Une page inédite de la politique congolaise pourrait s’écrire ce jeudi au Palais du Peuple. Le Sénat de la République démocratique du Congo va examiner le réquisitoire visant le sénateur à vie Joseph Kabila, ancien président de la République (2001-2019), soupçonné par le régime actuel d’avoir des liens avec la rébellion de l’AFC/M23.
La session s’annonce tendue, voire historique. Jamais un ancien chef de l’État n’avait été formellement visé par une telle procédure depuis la mise en place du Sénat en RDC. Le réquisitoire du parquet, transmis au bureau du Sénat, évoque des accusations graves : soutien supposé à une rébellion armée, atteinte à la sécurité nationale et complicité dans les violences ayant secoué l’est du pays.
Félix Tshisekedi, actuel président, a ouvertement accusé son prédécesseur d’être « derrière la rébellion », affirmant que les renseignements et les enquêtes en cours pointent une implication directe ou indirecte de Kabila dans la résurgence de la violence dans les provinces du Nord-Kivu et Sud Kivu
Pour certains observateurs, cette initiative judiciaire s’inscrit dans une volonté du régime Tshisekedi de solder définitivement les comptes avec l’ancien système. D’autres y voient un risque de glissement vers une instrumentalisation de la justice à des fins politiques.

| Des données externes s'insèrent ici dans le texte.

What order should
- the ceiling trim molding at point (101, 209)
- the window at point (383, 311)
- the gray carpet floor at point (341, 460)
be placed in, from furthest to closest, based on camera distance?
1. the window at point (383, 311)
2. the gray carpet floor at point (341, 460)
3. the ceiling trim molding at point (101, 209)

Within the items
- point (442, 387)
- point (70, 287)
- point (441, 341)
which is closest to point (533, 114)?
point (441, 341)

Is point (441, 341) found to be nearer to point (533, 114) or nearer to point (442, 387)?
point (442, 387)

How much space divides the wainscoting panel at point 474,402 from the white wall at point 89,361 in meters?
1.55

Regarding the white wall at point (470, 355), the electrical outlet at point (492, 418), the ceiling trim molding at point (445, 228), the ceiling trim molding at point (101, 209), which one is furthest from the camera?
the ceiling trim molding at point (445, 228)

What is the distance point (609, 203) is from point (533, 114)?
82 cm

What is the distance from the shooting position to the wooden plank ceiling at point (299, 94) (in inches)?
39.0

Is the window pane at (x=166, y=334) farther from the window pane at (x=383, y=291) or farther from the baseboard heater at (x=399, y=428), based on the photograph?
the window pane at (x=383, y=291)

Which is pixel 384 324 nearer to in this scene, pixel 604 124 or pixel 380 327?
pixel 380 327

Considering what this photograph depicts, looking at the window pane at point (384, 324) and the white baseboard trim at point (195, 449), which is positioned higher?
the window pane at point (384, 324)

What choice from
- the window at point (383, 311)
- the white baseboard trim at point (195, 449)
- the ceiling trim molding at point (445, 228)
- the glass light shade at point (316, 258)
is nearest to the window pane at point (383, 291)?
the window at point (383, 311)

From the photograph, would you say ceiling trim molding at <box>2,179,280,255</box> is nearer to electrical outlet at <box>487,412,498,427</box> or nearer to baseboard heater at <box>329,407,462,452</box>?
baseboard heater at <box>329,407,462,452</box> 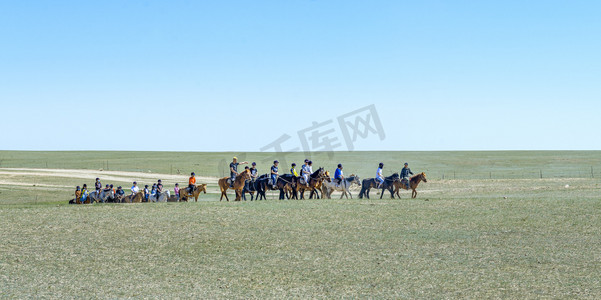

Dans tous les cas, la séance du Sénat sera très suivie. Les sénateurs devront décider s’il y a lieu de lever l’immunité de Joseph Kabila pour permettre à la justice de l’interroger officiellement. Un débat de fond s’ouvrira donc sur l’équilibre entre respect des institutions, justice, et mémoire nationale.
Si l’immunité est levée, cela pourrait marquer le début d’une série d’interrogatoires ou d’auditions dans le cadre de l’enquête élargie sur l’AFC/M23. Mais cela ouvrirait aussi un nouveau chapitre dans les rapports déjà fragiles entre les camps Kabila et Tshisekedi.
Le pays retient son souffle, et le Sénat est désormais face à sa responsabilité : trancher, non pas entre deux hommes, mais entre justice, stabilité et avenir politique.